1 Introduction†† *Xiaojie Wang is the corresponding author.
Visual Question Answering [Agrawal2015VQAVQ] is one of the most challenging multi-modal tasks. Given an image and a natural language question, the task is to correctly answer the question by making use of both visual and textual information. During the last few years, Visual Question Answering (VQA) has attracted rapidly growing attention. Since most questions not only focus on the objects in the image but also need to be answered by combining with the relationship between them. Visual relationship, therefore, plays a crucial role in VQA. Considering this, [Cadne2019MURELMR, Li2019RelationAwareGA, Hu2019LanguageConditionedGN]
adopt graph neural networks to comprehensively capture inter-object relations contained in images.

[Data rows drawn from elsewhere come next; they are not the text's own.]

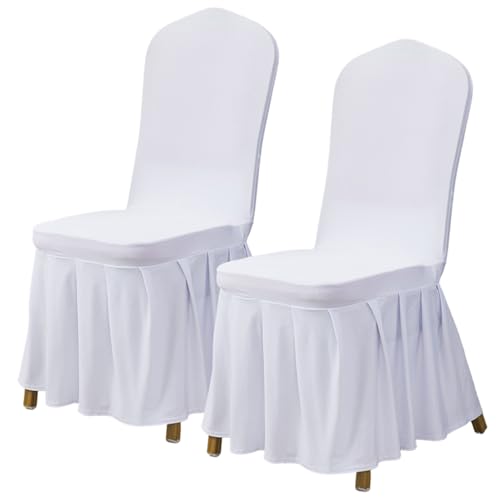 Licsaliwe Draination Dorm Stuhl Cover, 2pcs Schreibtischstuhl Slipcover mit Rock, weicher Polyester -Sitz -Beschützer für das Speisesaal Hotel Licsaliwe Draination Dorm Stuhl Cover, 2pcs Schreibtischstuhl Slipcover mit Rock, weicher Polyester -Sitz -Beschützer für das Speisesaal Hotel von Licsaliwe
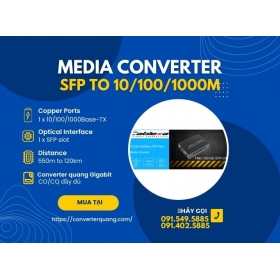  Media Converter SFP to 10/100/1000M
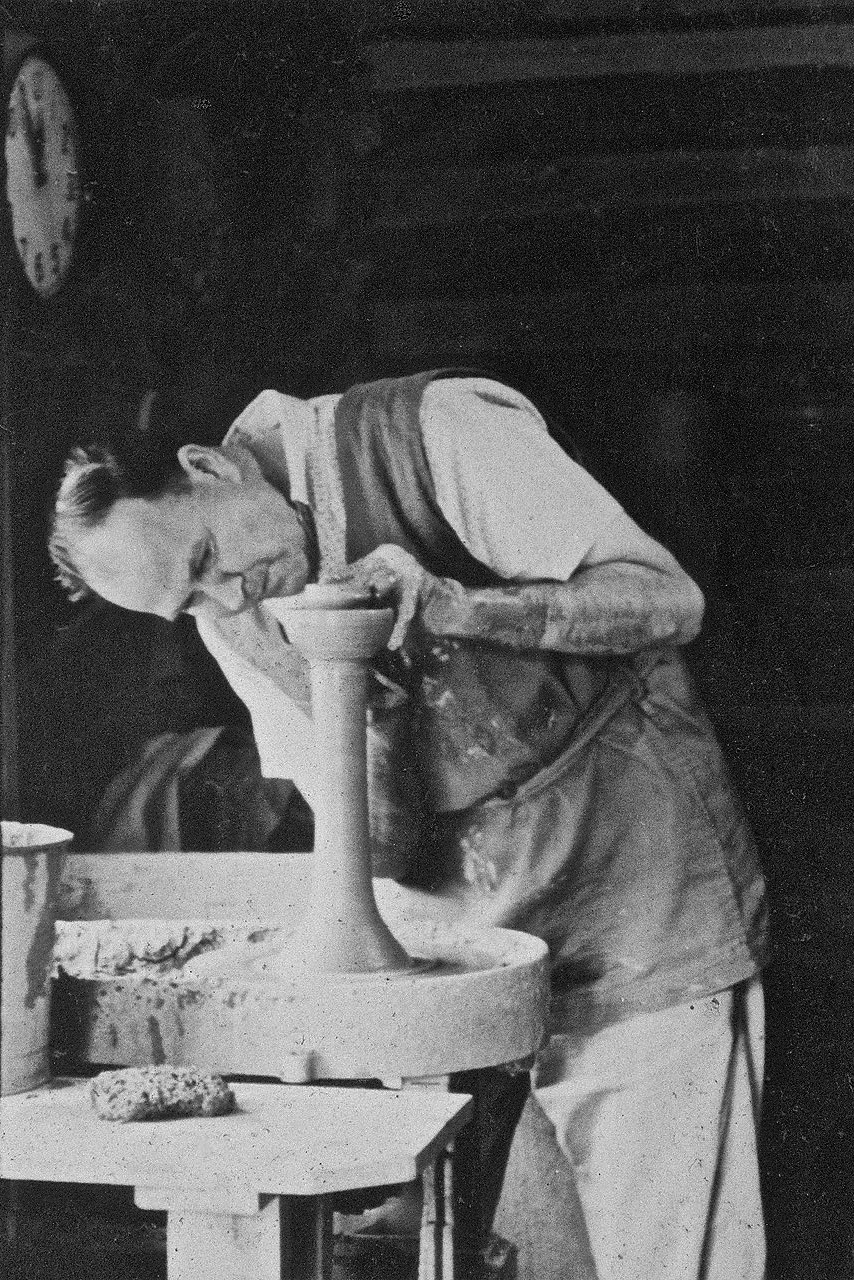 Ben Owen Sr. Making a Candlestick.jpg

Although the above models have achieved better performances by exploring various relation features, a large amount of irrelevant information is also introduced, which affects the final performances of the above models. As shown in Figure 1, the first question for the image can be answered just by considering spatial relations while the other one only concentrates on semantic relations. Moreover, it is obvious that both the two questions only connect with a few objects. To coordinate different relationships properly and reduce the negative impact of the noises caused by redundant objects, we propose a novel model for VQA, named Question-Driven Graph Fusion Network(QD-GFN).
In general, in the first stage, to fully cover the rich relationship information in the image, inspired by [Li2019RelationAwareGA], we use multiple different graph attention networks to capture different types of visual relationship. Further, to accomplish question-guided graph fusion, a novel method is designed based on a cross-attention mechanism to measure correlation degree between question and each type of relationship, then these relationships between objects are updated according to the above correlation degree. While for object filtering, we propose an object priority coefficient, and use such coefficient to remove objects with low importance.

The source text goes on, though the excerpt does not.